**RECORDS FOR THIS TASK:**

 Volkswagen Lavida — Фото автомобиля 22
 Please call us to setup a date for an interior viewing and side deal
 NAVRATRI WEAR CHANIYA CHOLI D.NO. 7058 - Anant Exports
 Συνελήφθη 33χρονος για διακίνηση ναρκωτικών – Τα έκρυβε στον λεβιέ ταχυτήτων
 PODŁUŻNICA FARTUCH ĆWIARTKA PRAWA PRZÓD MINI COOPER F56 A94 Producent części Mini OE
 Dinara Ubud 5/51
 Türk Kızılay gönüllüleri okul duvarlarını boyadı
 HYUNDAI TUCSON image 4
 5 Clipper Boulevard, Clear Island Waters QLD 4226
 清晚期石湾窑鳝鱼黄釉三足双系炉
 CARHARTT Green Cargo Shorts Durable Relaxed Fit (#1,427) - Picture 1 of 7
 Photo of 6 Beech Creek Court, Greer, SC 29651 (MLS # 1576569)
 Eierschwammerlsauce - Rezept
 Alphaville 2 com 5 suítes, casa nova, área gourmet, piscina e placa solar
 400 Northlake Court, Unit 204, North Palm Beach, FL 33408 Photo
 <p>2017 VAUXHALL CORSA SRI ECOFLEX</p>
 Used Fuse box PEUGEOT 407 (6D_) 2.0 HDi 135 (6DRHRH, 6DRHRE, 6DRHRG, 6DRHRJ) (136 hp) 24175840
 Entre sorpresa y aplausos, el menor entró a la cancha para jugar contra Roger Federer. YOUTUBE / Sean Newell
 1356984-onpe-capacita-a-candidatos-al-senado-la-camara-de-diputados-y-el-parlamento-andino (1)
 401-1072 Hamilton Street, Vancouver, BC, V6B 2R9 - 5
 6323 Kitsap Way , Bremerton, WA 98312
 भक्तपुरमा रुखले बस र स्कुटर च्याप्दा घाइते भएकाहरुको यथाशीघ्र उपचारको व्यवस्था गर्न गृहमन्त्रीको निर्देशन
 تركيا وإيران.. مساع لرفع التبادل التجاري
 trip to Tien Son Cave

**YOUR INSTRUCTIONS:**
Every line that contains the string "Court" should be copied from the entries.

**ANSWER FOR THE TASK:**
 Photo of 6 Beech Creek Court, Greer, SC 29651 (MLS # 1576569)
 400 Northlake Court, Unit 204, North Palm Beach, FL 33408 Photo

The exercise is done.